Diva Mello da Silva, 61 anos, viúva, aposentada, temia a vergonha, acreditava que só as jovens participavam do programa de alfabetização. Mas agora comemora o encontro com mais mulheres da sua faixa etária.
A professora Valdirene Matos, 27 anos, diz que os resultados deste desafio para ela e para as alunas “está sendo maravilhoso”. Entusiasma-se, enumerando algumas características do proposta construtivista utilizada, mostrando o ambiente alfabetizador da sala de aula, com textos produzidos pelas alunas e expostos na parede.

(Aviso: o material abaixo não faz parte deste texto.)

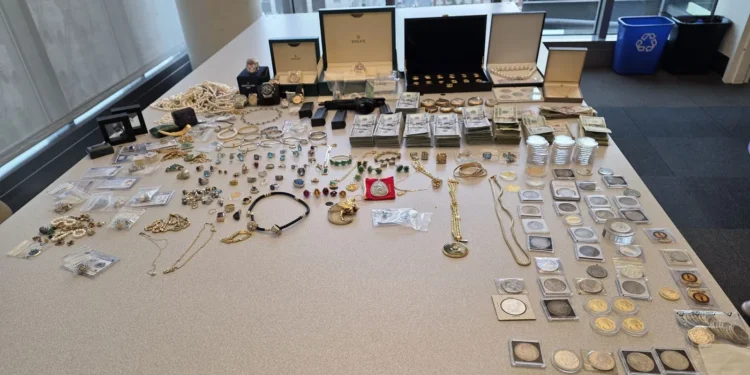 Seattle Police Link Serial Burglar to Macklemore and Athlete Break-Ins Following Pawn Shop Raid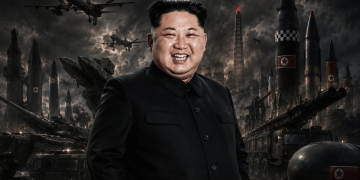 Kim Jong Un Raih $22 Billion Hasil Jual Senjata Kepada Rusia & China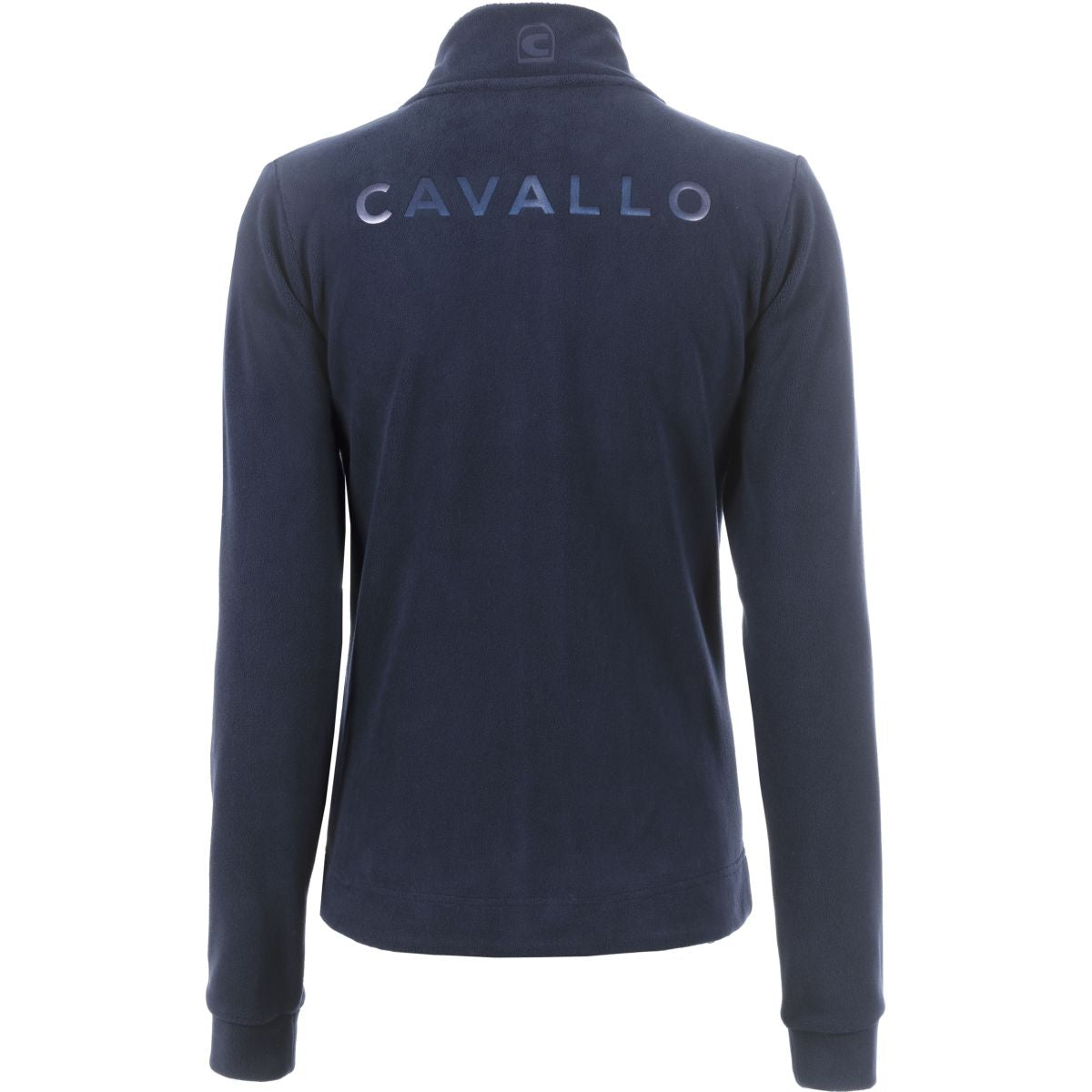 Cavallo Fleecevest CavalMaru Donkerblauw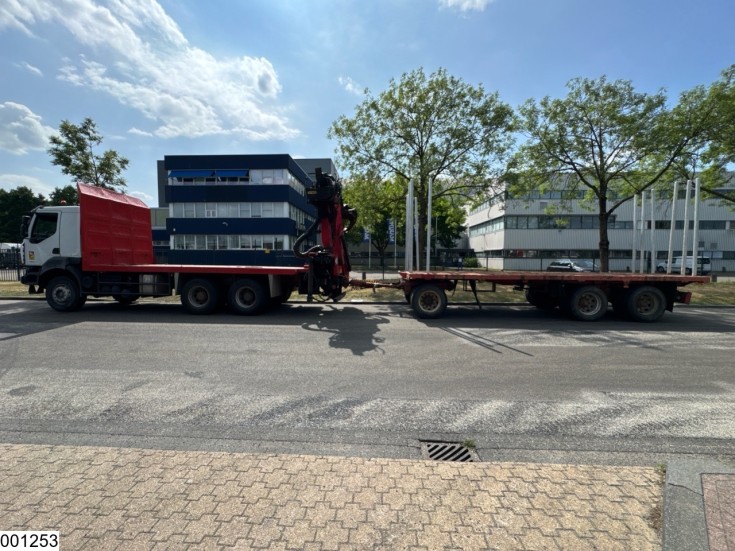 Renault Kerax 450 Dxi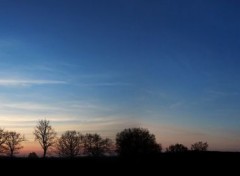  Nature Panorama Sunset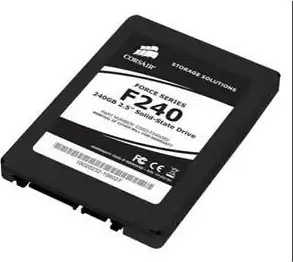 SSD SATA II 240 GB Corsair Force Series, 2,5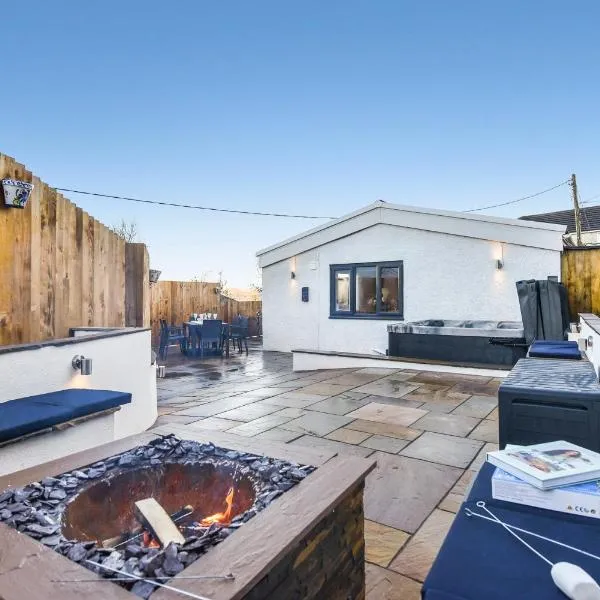 La Cantera, hotel em Merthyr Tydfil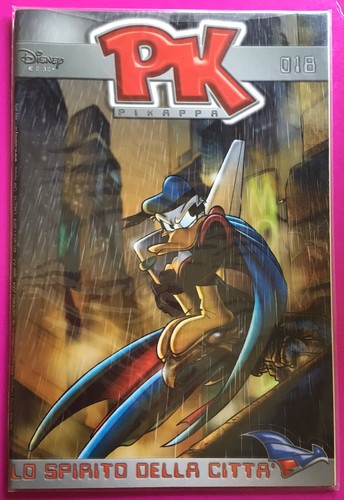 Fumetto disney pikappa - fumetto, pk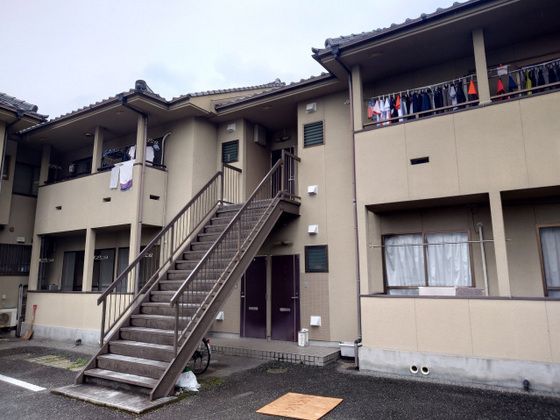 メゾン梶山の外観画像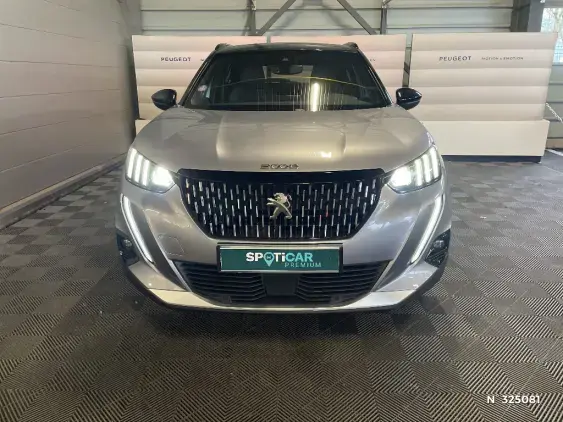 PEUGEOT 2008 II - voiture d'occasion - Photo 3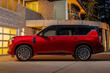 Test av Nissan Armada 2025: tredje generationens SUV foto 3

A relação do que acontece entre Valdirene e suas alunas é um exemplo do que escreve Paulo Freire no seu último livro publicado (Pedagogia da autonomia: saberes necessários à prática educativa, editora Paz e Terra, 1996): “(…) desde os começos do processo, vá ficando cada vez mais claro que, embora diferentes entre si, quem forma se forma e reforma ao formar e quem é formado forma-se e forma ao ser formado”. Solidariedade é outro princípio da pedagogia freiriana presente entre as alunas de Valdirene: “Uma delas ficou preocupada com a tosse de uma colega, preparou um xarope caseiro e trouxe para ela”, relata a professora.